We will assume that “state” admits both a property reading and a description reading.⁹ Thus there are two ways of interpreting sentences like “person x is in state S”. On a property reading, “Sx” is true if and only if the property denoted by “S” is instantiated by the object assigned to “x”. On a description reading, “Sx” is true if and only if the description that “S” abbreviates is applicable to the object assigned to “x”. As an example, consider the predicate “is bored”. On a property reading, the sentence “Wilhelm is bored” is true if and only if Wilhelm instantiates the property of boredom. By contrast, on a description reading, the sentence is true if and only if the description “is bored” is applicable to Wilhelm.

A few clarifications relative to this idealized example. First, we focus on maximal states, which fully specify what a person is like mentally or physically (Kim, 1984; Yoshimi, 2007). The predicate “is bored” does not denote a maximal state, since it only specifies part of a person’s mental state. Second, we will not assume that the language used to construct maximal states contains such ordinary-language predicates as “is bored”. In fact, we will not stipulate what predicates this language contains at all. Our intention is to establish an abstract framework that allows empirical researchers to map their theories to coherent metaphysical positions without worrying too much about metaphysics. Therefore, a user of our framework is free to choose whatever language suits her theoretical needs. In Appendix A we show how well-formed sentences in a user-chosen language can be converted into predicates using lambda abstraction.¹⁰

3 The cognitive science of consciousness

We now begin to defend the main argument. Since premise 1 is a point we take to be intuitive, we start with premise 2 and examine the nature of NCC data. Our point of departure is the observation that cognitive scientists don’t have direct access to brain states or mental states; instead they have access to measurements of states (Tal, 2020). These measurements provide inductive evidence about what state \(P \in {{\textbf {P}}}\) or \(M \in {{\textbf {M}}}\) a system is in, but there is generally some measurement error, which produces some uncertainty about what the actual state of a system is.

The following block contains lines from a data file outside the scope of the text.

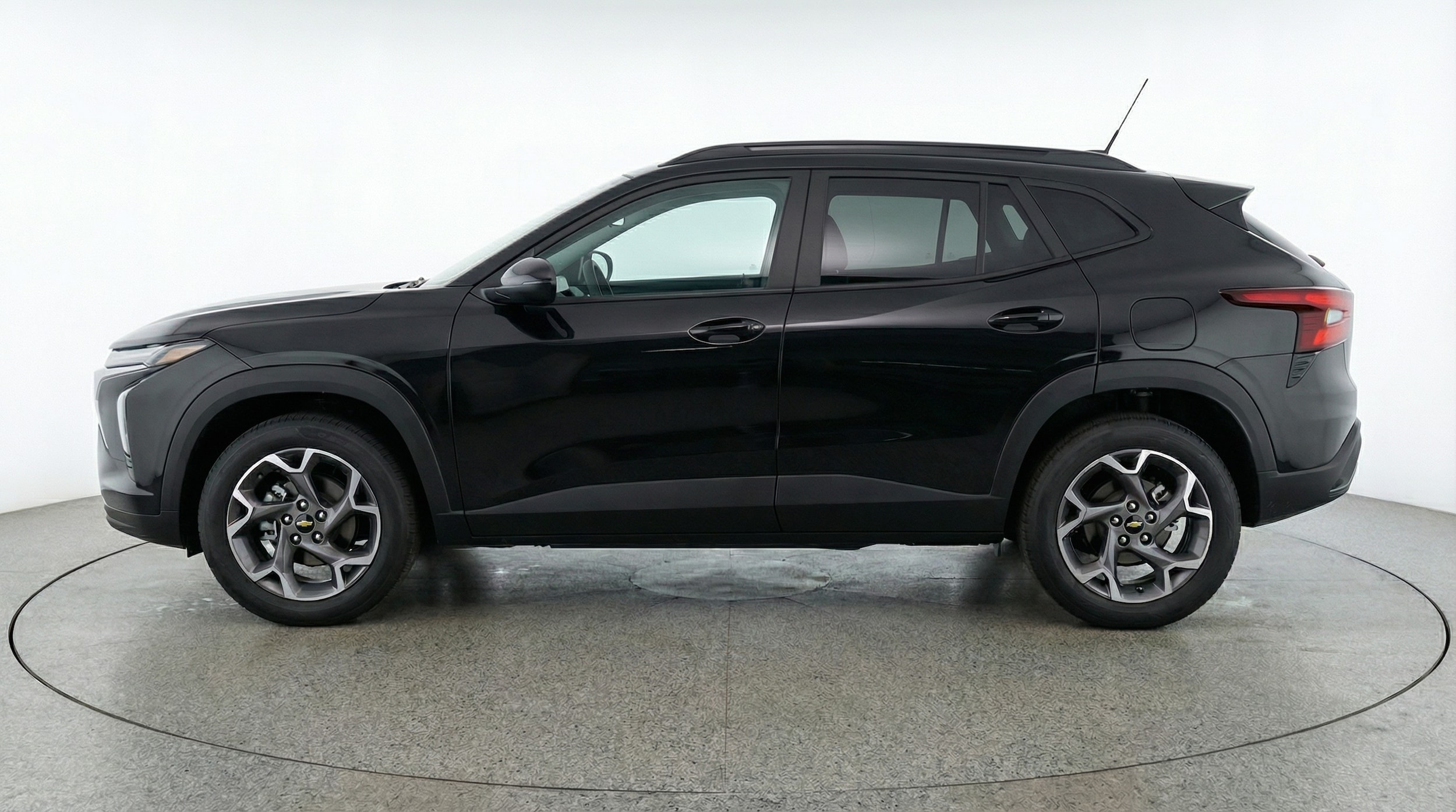 Thumbnail: 2025 Chevrolet Trax - 4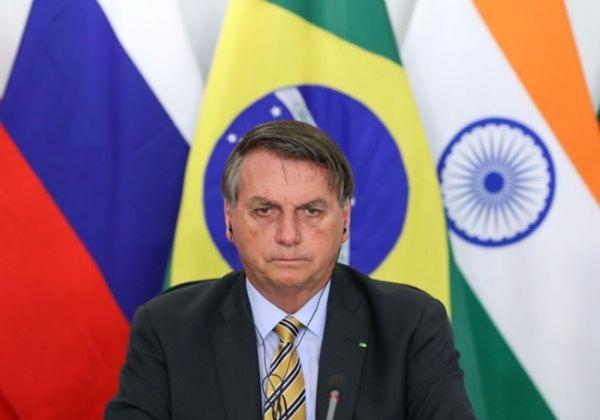 Oposição vai pedir impeachment de Bolsonaro por cooptação das Forças Armadas
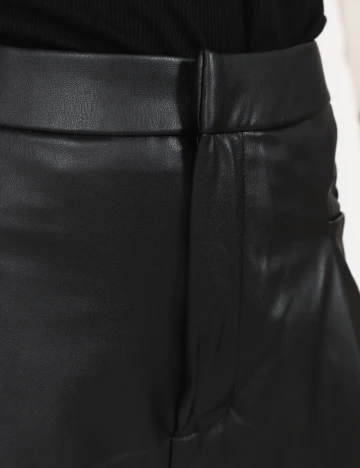 Pantaloni scurti Zara, negru Negru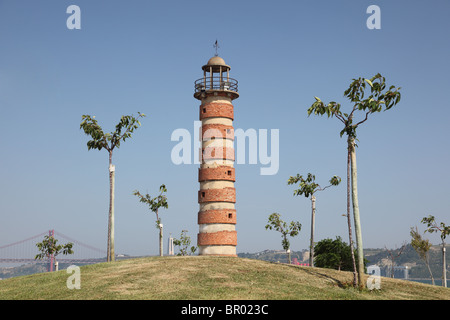 Vecchio faro a Lisbona, Portogallo Foto Stock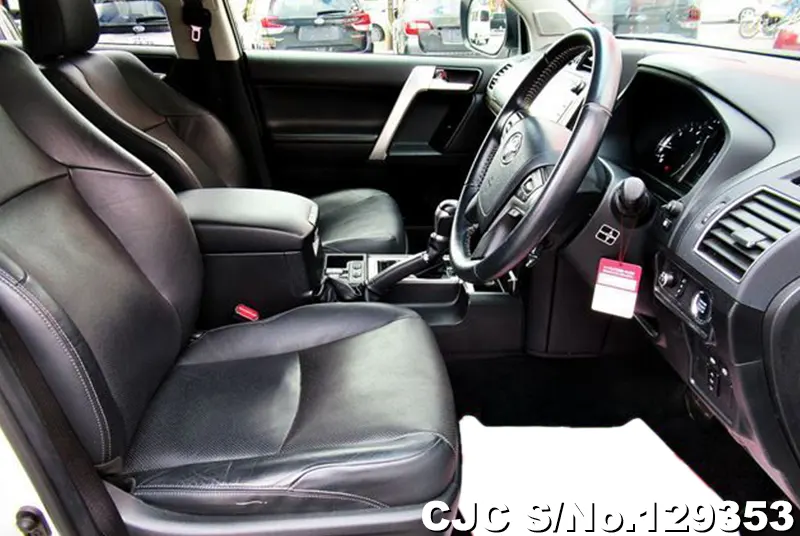 2017 Toyota / Land Cruiser Prado Stock No. 129353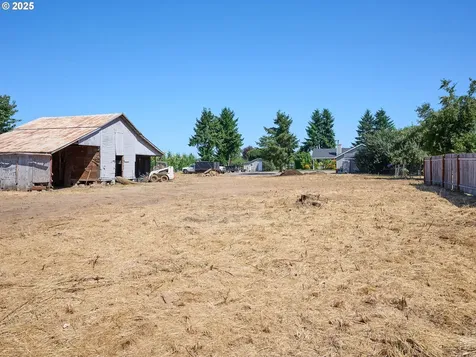 1632 Brown Street Woodburn OR 97071
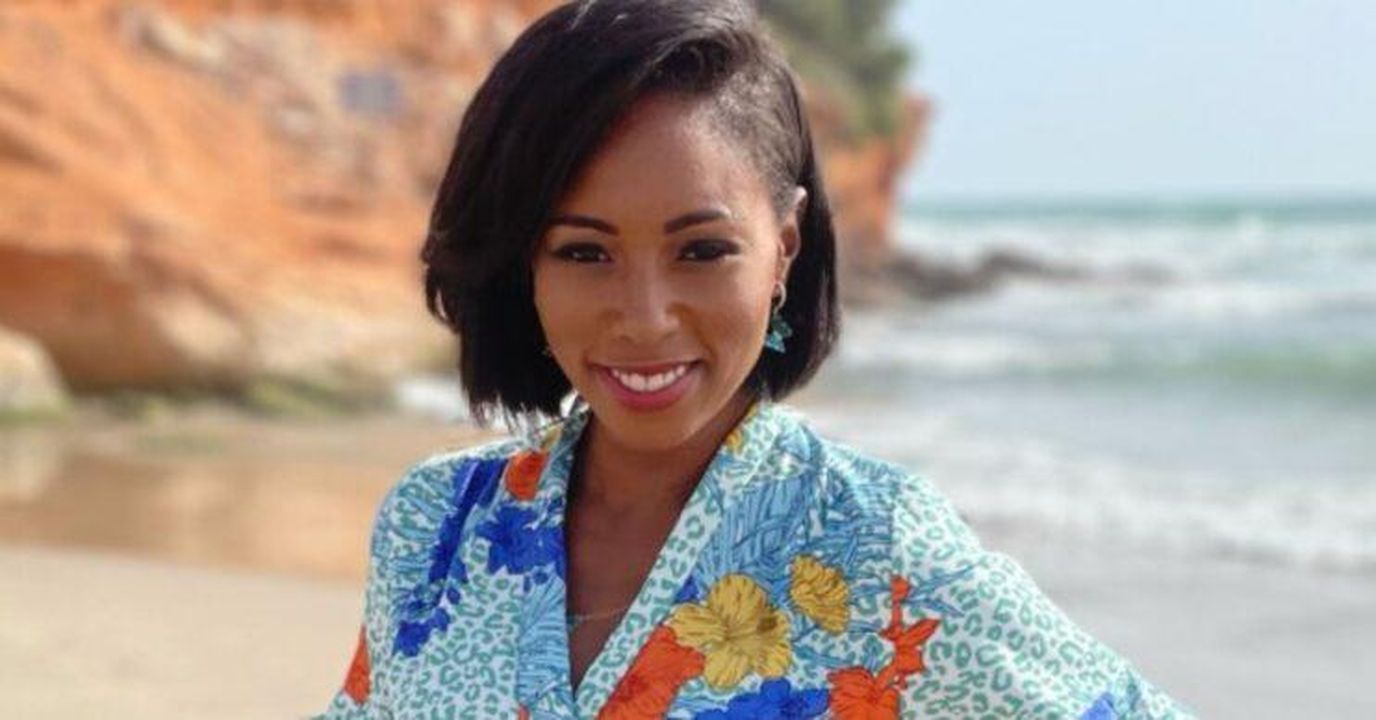Leah_CharlesKing_parla_delle_critiche_ricevute_cE459KpWSB - Confidenze24 Leah Charles-King parla delle critiche ricevute Leah Charles-King, conduttrice di A Place In The Sun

Measurement error can be formalized by treating measurements as random variables.¹¹ From this perspective, taking a measurement is like using a machine that produces samples from a probability distribution centered at the true value plus or minus some variability associated with the measuring instrument. Measurements of a person’s weight, for example, might produce readings centered at 180 pounds, but varying by a few tenths of a pound over multiple measurements.

Random error applies not just to the state being measured, but to the time at which the measurement was taken. A measurement of a person as being 98.5 degrees Fahrenheit at 2.30pm will have some error in terms of temperature, but also in terms of precisely when the person had that temperature. Since the first concerns a state, and the second concerns a time, we can refer to these as “state measurement errors” and “temporal measurement errors” respectively.

Brain states in \({{\textbf {P}}}\) are typically characterized in terms of neural activity (Dayan & Abbott, 2001). Firing neurons produce electrical currents that can be directly detected using implanted electrodes, and indirectly detected in several ways. Their summed impact on the electromagnetic field can be detected using scalp electrodes via EEG (electro-encephalography). Firing neurons also consume energy, which is associated with oxygenation of blood cells. Blood oxygenation can be detected using functional Magnetic Resonance Imaging (fMRI). There are other techniques as well (Gazzaniga et al., 2019; Kandel et al., 2000). None of these methods can be used to uniquely specify a brain state in \({{\textbf {P}}}\); each is associated with some state and temporal measurement error. However, they do complement one another, in that each has a different spatial and temporal resolution. For example, EEG has good temporal resolution but poor spatial resolution; fMRI complements this with good spatial resolution but poor temporal resolution.

The project of investigating the neural correlates of consciousness (NCCs) is extensive and ongoing (Dembski et al., 2021; Koch et al., 2016). Its goal is to identify types of brain activity correlated with types of conscious experience. The project is pursued in multiple ways; we focus on efforts to identify neural correlates for specific types of conscious state. For example, one can dissociate brain states when a tone is heard from brain states when the same tone is registered by the brain but unheard, and similarly for visual experiences. The brain activity specifically associated with conscious perception (but not with unconsciously reacting to the stimulus) is then the NCC for tonal or visual experience.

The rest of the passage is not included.